Inclusive Lending Practices

Dec 15, 2021

EPM Wholesale
EPM | Inclusive Lending Practices
Are you set up to serve all potential borrowers in your area?

We continue to see data that show discrepancies in how lenders treat members of different ethnic groups and people with disabilities for home loans. You have the opportunity to set yourself up to help local borrowers get better deals and better treatment than they might get elsewhere.

Race and Mortgage Lending

Although many lenders are working to provide more equity lending to non-White ethnic groups, data still show that Latino and Black borrowers receive higher interest rates and pay more in closing costs.

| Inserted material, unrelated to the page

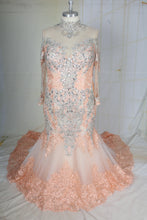 C2021-DionysiaRS Pastel long sleeve plus size wedding gown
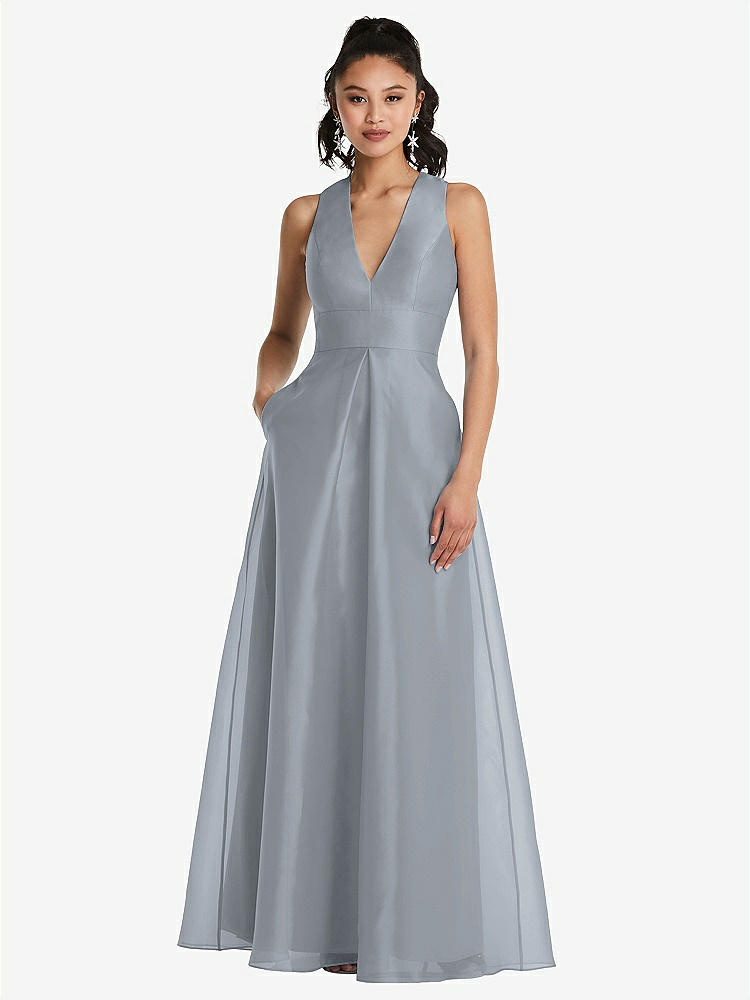 【STYLE: TH068】Plunging Neckline Pleated Skirt Maxi Dress with Pockets【COLOR: Platinum】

Additionally, lenders are unbanking or underbanking a higher percentage of Blacks and Latinos than Whites. This leads these borrowers to non-bank mortgage lenders with poorer terms.

Language barriers may also prevent some qualified borrowers from applying for mortgage loans.

Disability and Mortgage Lending

Borrowers with a disability may also be at a disadvantage. Under their lending requirements, some lenders may not accept disability, Supplemental Security Income (SSI), or Social Security Disability Income (SSDI). Potential borrowers may not use standard application forms if they have visual impairments or engage with lenders if they have hearing impairments.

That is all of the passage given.